What is mass discharge of the Sympathetic NS? When does this occur?
When the Sympathetic NS undergoes mass stimulation, where almost all portions of the Sympathetic NS discharge simultaneous as a complete unit, preparing the body for activity.
Occurs in the ‘fight or flight’ response.
Does the Parasympathetic nervous system have mass discharge?
No, usually specific local responses are activated.
An example of complementary effects of both the parasympathetic and sympathetic system? (when they both increase something)
Salivary secretion.
In the eye what does the sympathetic and parasympathetic nervous system do?
Para - pupil dilation.
Sym - focusing of lens.
What is sympathetic and parasympathetic tone?
The level of stimulation in either system, the basal level of tone in blood vessels is partial constriction (this means theat a SINGLE nervous system can either increase or decrease activity - by changing tone)

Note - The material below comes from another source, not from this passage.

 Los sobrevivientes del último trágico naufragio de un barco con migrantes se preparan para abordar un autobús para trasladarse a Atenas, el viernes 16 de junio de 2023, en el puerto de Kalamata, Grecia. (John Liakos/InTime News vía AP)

Give an example of a time when the SNS and ANS interact to produce a response?
During micturation.
How do the ANS and SNS interact in the micturation reflex?

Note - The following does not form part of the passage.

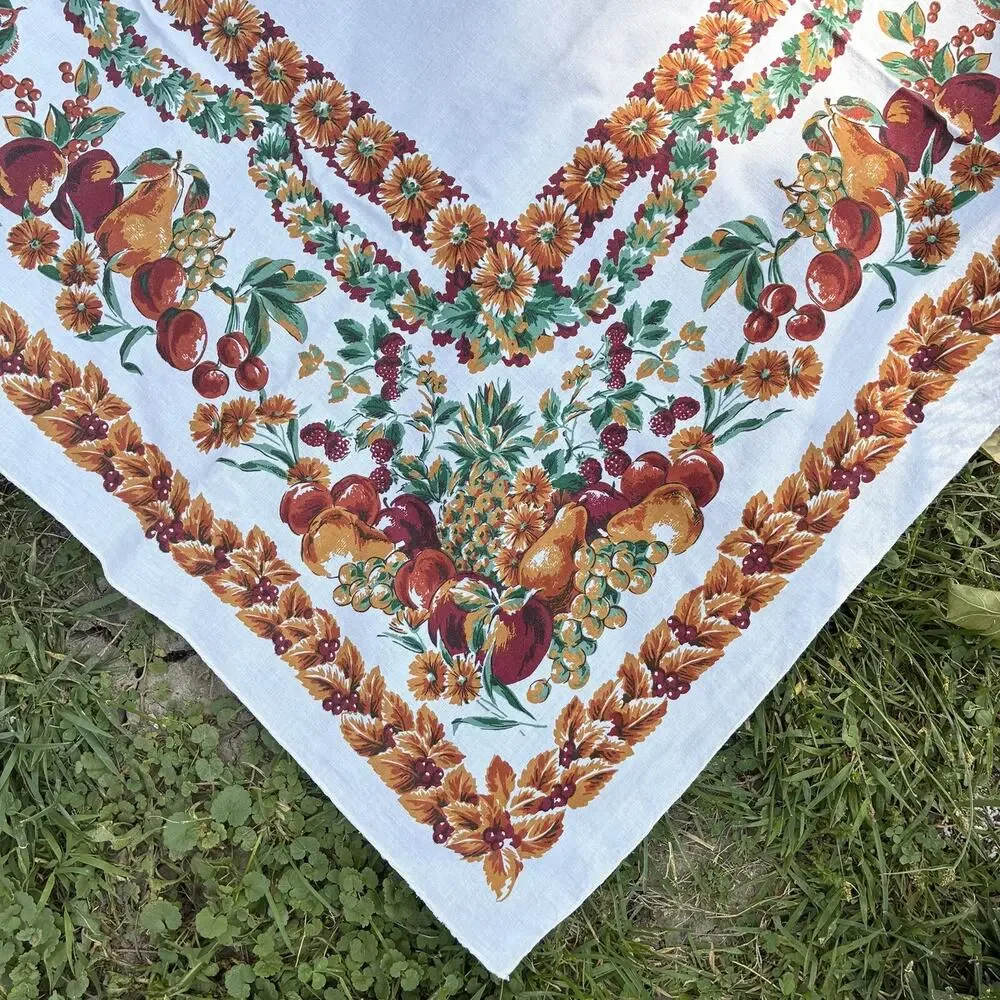 Unbranded 1950s tablecloth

The ANS detects bladder filling through visceral afferents.
The spinal cord (SNS) sends signals back down to the external sphincter which then opens (this is when the person has voluntarily allowed themselves to do so)
Parasympathetic NS also contracts the smooth detrusor muscle.

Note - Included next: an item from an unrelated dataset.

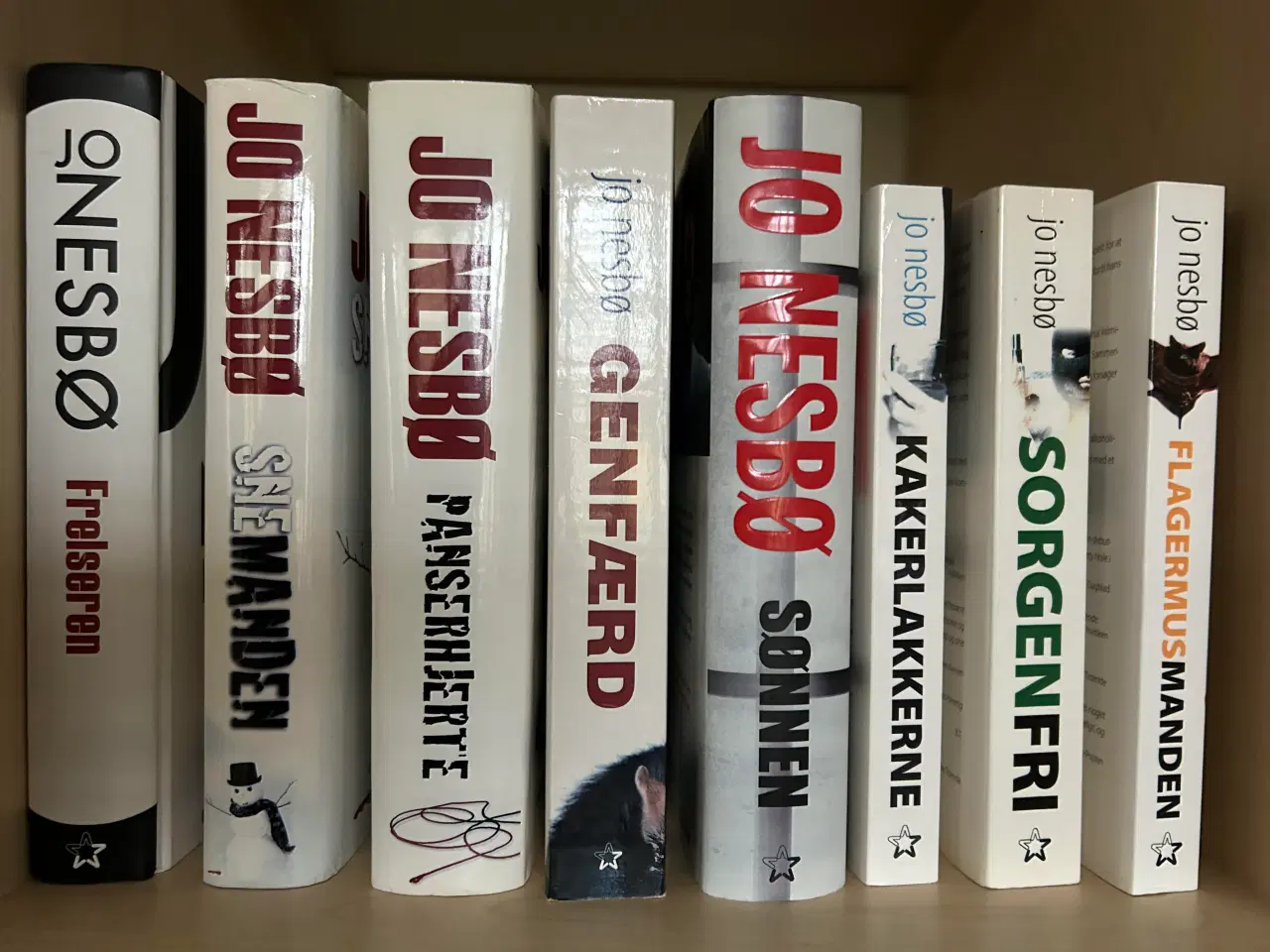 Billede 1 - Sorgenfri og Flagermusmanden m.fl. af Jo Nesbø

Sympathetic NS also decreases excitability of detrusor and controls contraction of the internal sphincter (less control than the parasympathetic)
Flow receptors (ANS) monitor the flow.
Equation for mean arterial blood pressure?
Cardiac output X total peripheral resistance
Summarise the baroreceptor reflex, or Autonomic control of the cardiovascular system, use the eaxmple ofthe bodies response to arterial bp dropping.
Arterial bp drops
Monitored by baroreceptors
central control by the hypothalamus or medulla
Sympathetic outflow increases - this increases Vasoconstriction (increasing peripheral vascular resistance) it also increases heart rate and the force of cardiac contractions leading to increased cardiac output.
Parasympathetic outflow decreases - this increases cardiac output also increasing cardiac output.
What is a normal pulse rate range?
60 - 100 bpm
What is the pulse rate without any parasympathetic interaction?
110-120 bpm
What is a neurogenic bladder?
When there is damage to the somatic ervous system so no inhibitory signals are passing to the bladder, so even small amounts of urine cause uncontrollable micturation.
What is an atonic bladder?
When there are no afferent fibres and so bladder filling nerevr reaches the somatic nervous system and bladder can overflow.